Com a normalização do fluxo de petróleo pelo Estreito de Ormuz após o memorando de entendimento entre Estados Unidos e Irã, o preço do Brent despencou para a faixa de US$ 72,20 por barril na última sexta-feira (3), 38% abaixo dos US$ 118 registrados no auge da guerra no Oriente Médio. Esse recuo já impacta as projeções de dividendos da Petrobras (PETR3, PETR4), a maior pagadora de proventos da Bolsa brasileira.
CFO da Petrobras sinaliza menos espaço para dividendos extraordinários
Em reunião com investidores no fim de junho, o CFO da Petrobras afirmou que há menos espaço para o pagamento de dividendos extraordinários em 2026. A decisão final deve ocorrer apenas próximo à divulgação do novo plano de negócios, prevista para o fim de 2026, mas o cenário já mexe com as projeções de analistas.
A Terra Investimentos reduziu a estimativa de dividend yield de 14,2% para 12,2% em 2026 e de 15,3% para 13,3% em 2027. “Como o preço do petróleo é o principal direcionador da geração de caixa da Petrobras, um Brent em patamares mais baixos tende a reduzir o potencial de distribuição de dividendos”, afirma Régis Chinchila, analista de research da Terra Investimentos. Segundo ele, “nas últimas semanas, o Brent perdeu parte do prêmio de risco geopolítico após o avanço das negociações entre EUA e Irã e a reabertura do Estreito de Ormuz, fatores que reduziram o receio de interrupções relevantes na oferta global”.
Zero Markets: queda do petróleo reduz capacidade de distribuição
Para Marcos Praça, diretor de análise da Zero Markets Brasil, “não existe uma relação oficial que permita afirmar quanto os dividendos caem a cada US$ 1 de recuo no petróleo, pois o resultado também depende da produção, do câmbio, dos investimentos e da política de distribuição”. Ele pondera que “a empresa continua bastante lucrativa graças ao baixo custo de extração do pré-sal, mas a expectativa é de dividendos menores do que em um cenário de Brent acima de US$ 80”.
Recomendação de compra segue de pé
Mesmo com proventos menores no horizonte, especialistas seguem recomendando a ação da petroleira para carteiras de dividendos. A Terra Investimentos tem preço-alvo de R$ 48,00 para PETR4, potencial de valorização de aproximadamente 17,6% sobre o preço considerado em seu relatório mais recente. “A redução do Brent diminui parte do potencial de distribuição de dividendos, mas também reduz uma parcela importante do risco geopolítico que pressionava os mercados”, diz Chinchila. A casa projeta crescimento de 12,9% no EBITDA ajustado e de 21,3% no lucro líquido no terceiro trimestre, refletindo a melhora das margens de refino após medidas fiscais do governo. “Esperamos dividendos menores do que projetávamos anteriormente, mas ainda bastante elevados para os padrões do mercado brasileiro”, resume.

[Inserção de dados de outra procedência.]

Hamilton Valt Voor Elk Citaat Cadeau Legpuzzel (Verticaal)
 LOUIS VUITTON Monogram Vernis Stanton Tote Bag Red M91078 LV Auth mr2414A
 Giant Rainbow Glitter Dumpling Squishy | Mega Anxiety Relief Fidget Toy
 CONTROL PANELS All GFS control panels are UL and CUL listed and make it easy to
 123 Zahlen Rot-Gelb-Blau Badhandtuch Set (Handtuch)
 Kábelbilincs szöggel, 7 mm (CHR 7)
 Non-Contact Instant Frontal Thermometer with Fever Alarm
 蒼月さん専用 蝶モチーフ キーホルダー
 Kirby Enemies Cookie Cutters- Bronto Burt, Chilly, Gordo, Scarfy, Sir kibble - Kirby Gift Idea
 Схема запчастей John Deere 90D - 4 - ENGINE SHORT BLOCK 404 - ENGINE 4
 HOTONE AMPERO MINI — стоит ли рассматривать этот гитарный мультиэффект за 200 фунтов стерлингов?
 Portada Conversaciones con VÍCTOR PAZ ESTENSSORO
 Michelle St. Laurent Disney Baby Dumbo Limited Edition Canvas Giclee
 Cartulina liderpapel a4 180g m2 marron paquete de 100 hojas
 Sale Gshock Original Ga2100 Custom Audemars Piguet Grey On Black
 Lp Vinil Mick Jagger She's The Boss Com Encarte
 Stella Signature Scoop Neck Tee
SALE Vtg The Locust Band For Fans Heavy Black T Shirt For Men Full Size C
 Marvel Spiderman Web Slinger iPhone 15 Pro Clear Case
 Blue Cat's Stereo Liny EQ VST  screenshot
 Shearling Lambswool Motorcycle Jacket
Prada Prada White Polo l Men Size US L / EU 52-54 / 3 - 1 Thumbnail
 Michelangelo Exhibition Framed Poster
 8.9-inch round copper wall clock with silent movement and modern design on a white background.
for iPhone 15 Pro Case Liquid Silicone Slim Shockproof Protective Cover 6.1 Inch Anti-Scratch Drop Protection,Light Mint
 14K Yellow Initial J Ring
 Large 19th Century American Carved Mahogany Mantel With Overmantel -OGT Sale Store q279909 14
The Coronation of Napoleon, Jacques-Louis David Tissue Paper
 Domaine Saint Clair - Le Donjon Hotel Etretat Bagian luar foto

O Santander manteve o papel em sua carteira dividendos de julho, com o maior peso do portfólio (12%), preço-alvo de R$ 60,00 e dividend yield estimado em 11,66% para 2026. O Goldman Sachs também mantém recomendação de compra, com preço-alvo de R$ 51,40 para PETR4 e dividend yield estimado em 11,9% para 2026 e 17,1% para 2027. Já o Bank of America cortou o preço-alvo de PETR4 de R$ 65,00 para R$ 55,00, mas manteve recomendação de compra.
Manter, reduzir ou comprar mais?
Para quem já tem o papel na carteira, “a estratégia mais adequada continua sendo manter a posição”, afirma Chinchila. Segundo ele, a tese fundamentalista não sofreu deterioração estrutural: o endividamento bruto permanece dentro dos limites do plano de negócios, o custo de extração no pré-sal segue abaixo de US$ 6 por barril, e a política de remuneração de 45% do fluxo de caixa livre está protegida pelo estatuto. “A volatilidade recente abre uma janela de oportunidade tática para o investidor de longo prazo acumular um ativo gerador de caixa a um preço de entrada mais atrativo”, diz.
Praça tem abordagens conforme o perfil: para quem busca renda recorrente e horizonte de longo prazo, manter a posição segue coerente; investidores muito concentrados em Petrobras devem evitar ampliar a exposição; para quem ainda não possui o papel, períodos de correção proporcionam pontos de entrada interessantes, “desde que a decisão esteja alinhada ao perfil de risco e à estratégia de diversificação da carteira”, afirma.